As the conversation winds through, Mina Purefoy’s (Liza Dennis) anguished cries punctuate. Again, in a good acting and directing decision, the cries were not high-pitched screams but low, grinding moans, counterpointing the high language with genuine Joycean verisimilitude.
The audience was affected by this; the moans resonated as a sporadic reminder of the reality embodied in the words. Each character had to make a tilt at the prose, tackle the semantics and carry the meaning in their voices and bodies. The great thing is that they all did, and some did it really well.
Matthew Connell stood out as Stephen Dedalus. All the actors were excellent, but one couldn’t help thinking, as he surprised again and again with a kind of true eloquence, that he is going to be famous one day. Such ability is rare. When he had to say:
An exquisite dulcet epithalame of most mollificative suadency for juveniles amatory whom the odoriferous flambeaus of the paranymphs have escorted to the quadrupedal proscenium of connubial communion
the sheer clarity of his delivery forced one to understand that he at least knew what he was saying, so the audience at the least took the impression of the words, as with T.S. Eliot’s objective correlative. There is an unassuming confidence in his bearing that allows him to be both a strong lead and strong ensemble player.

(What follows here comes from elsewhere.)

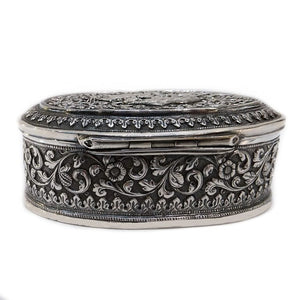 Antique Indian Silver Oval Box, Oomersi Mawji, Bhuj, Kutch, India – Circa 1880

Hunter Perske (Bloom) and Bridget Sweeney as the Nurse were also impressive. In particular I loved their gracious dialogue in the early part, rendered in late Anglo-Saxon, translated but retaining the rhythms and alliteration. The effect emphasised the recurring theme of bereavement and loss, while the medical students roar their defiance and denial with counterphobic vigour. Buck Mulligan, Costello and Dixon, played confidently and intelligently by Mitch Edwards, Timothy Ian McMullin and Johnathan Peck, were like boisterous bouncing balls around the performance space. In Holy Cow!, every aspect was balanced with its counterpoint: pathos with comedic bombast, prolixity with wordless groans, and irony with genuine feeling. The ending was incredibly moving, reminding us of Joyce the man and the writer.
It was a tour de force. I can’t wait for next year.